1) yes you can make reservations and rent to others. There is a line in the owners directory that would seem to prohibit commercial renting. But at least for now it's not being enforced. In the past Wyndham enacted several new policies intended to make it more difficult and more expensive. But renting still happens

2) business records are kept for two reasons . One is to help you the business owner understand what's working and to enable you to make good decisions.  And two to satisfy the IRS. How are you going to know how much tax to pay without good records. When you decide to keep good records is between you and the IRS. To be on the right side of the law you need to declare all income even if you have offsetting expenses

3) there are several of us here that can speak about our success. But probably more that will talk about the difficulties. If you approach this as a hobby; that's one thing. But if you come at it as a business, you should know that it's a high volume, low margin business. You need to do a lot to make any significant money. 

By the way most of us that do this seriously are either gold or platinum VIP owners or work for VIP owners managing their accounts. Also most of the success stories are told by folks that specialize.

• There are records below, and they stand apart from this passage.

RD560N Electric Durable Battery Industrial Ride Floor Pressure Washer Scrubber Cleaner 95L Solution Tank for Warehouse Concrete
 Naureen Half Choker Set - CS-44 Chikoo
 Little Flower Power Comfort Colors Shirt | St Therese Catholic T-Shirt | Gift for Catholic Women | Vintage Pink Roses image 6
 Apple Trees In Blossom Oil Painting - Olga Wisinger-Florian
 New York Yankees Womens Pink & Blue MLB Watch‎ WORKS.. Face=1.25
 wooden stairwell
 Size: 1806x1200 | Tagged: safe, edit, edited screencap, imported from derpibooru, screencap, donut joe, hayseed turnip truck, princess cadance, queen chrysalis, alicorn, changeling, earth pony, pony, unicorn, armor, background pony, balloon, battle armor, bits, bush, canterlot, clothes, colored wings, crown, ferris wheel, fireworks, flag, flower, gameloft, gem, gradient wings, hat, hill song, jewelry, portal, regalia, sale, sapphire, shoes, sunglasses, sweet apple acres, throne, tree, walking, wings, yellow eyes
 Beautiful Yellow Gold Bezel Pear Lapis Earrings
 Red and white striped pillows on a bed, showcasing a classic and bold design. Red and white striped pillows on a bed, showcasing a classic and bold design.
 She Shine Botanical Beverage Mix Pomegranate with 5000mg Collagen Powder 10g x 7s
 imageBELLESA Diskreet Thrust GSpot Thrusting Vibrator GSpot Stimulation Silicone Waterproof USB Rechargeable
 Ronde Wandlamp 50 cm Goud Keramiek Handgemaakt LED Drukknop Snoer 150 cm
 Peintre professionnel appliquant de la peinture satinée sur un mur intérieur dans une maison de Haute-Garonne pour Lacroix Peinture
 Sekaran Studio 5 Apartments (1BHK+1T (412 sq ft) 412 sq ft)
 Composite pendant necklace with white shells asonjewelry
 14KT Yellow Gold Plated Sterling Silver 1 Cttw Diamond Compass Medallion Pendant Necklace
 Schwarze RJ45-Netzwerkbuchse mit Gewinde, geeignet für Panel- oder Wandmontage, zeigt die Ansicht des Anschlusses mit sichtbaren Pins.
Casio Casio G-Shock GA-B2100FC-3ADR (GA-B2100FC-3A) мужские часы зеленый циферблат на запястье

I've had people sell me their La Belle Maison contracts rather than compete with me in New Orleans.


----------



## chapjim (Oct 20, 2014)

*!*

A few tips from a smaller operator than Ron.  I only have about 4.5 million Wyndham points plus about fifteen fixed or floating weeks outside the Wyndham system (about half of those in New Orleans, a place I know what it means to miss).

1.  Running a rental business takes time!!  Ron is in the real estate business so this is just another line for him.  I manage military sales to a country in South Asia in a secure government agency.  Of necessity, I conduct almost all my rental business at home in the evening and on weekends, the exception being some emails or calls on my mobile phone when I step outside the agency.  Making reservations, managing rental listings, returning emails and calls, keeping the books is an enormous investment of time.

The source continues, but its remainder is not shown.